Kami mau Mama dengar kami. Bercerita tentang honai besar kami yang hampir roboh. Bukan cerita mereka yang hanya lewat dekat honai besar kami. Bukan cerita mereka yang bahkan belum pernah datang ke tempat kami.
Kami mau Mama dengar kami; sambil lihat mata kami. Karena Mama pasti tahu mata siapa yang sedang berbohong.
Ah, Mama juga pasti maklum. Hari ini kami tidak bawa semua catatan angka dan data statistik tentang kami. Kami mau Mama lihat kami, yang ada di balik semua hitungan itu.

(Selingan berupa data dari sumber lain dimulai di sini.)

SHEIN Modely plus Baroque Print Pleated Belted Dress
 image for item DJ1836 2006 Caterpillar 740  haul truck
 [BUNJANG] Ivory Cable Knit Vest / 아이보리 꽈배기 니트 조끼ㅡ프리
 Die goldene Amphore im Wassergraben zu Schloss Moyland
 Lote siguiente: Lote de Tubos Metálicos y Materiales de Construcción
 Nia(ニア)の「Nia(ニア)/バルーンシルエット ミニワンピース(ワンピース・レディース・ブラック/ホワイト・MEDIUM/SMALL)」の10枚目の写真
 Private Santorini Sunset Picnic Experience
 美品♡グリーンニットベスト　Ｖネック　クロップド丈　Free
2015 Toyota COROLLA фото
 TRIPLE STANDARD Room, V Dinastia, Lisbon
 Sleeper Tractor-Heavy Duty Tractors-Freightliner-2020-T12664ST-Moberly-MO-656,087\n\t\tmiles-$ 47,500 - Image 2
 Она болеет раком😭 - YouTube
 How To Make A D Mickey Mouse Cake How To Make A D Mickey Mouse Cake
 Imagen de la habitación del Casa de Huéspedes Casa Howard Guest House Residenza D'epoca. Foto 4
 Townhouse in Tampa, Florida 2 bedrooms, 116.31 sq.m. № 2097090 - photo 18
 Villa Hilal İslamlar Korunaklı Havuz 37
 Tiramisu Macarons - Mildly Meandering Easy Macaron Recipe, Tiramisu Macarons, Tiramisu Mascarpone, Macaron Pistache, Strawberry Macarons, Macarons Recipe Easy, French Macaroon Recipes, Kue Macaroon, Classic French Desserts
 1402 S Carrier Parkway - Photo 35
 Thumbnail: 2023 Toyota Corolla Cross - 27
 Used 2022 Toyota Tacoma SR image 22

Mama juga pasti tahu betul siapa yang suruh kami datang. Istri dan anak-anak tentunya. Ditambah lagi kakak adik dan saudara-saudara kami di kampung yang mulai resah. Melihat piring makan kami hampir pecah.
Mama tolong sampaikan sama Bapak.
Hari ini kami masih mau panggil Mama.
Mama Kota, bukan Ibu Kota...
Tembagapura, 7 Maret 2017
Salam hormat untuk teman-teman GSPF di Mama Kota hari ini.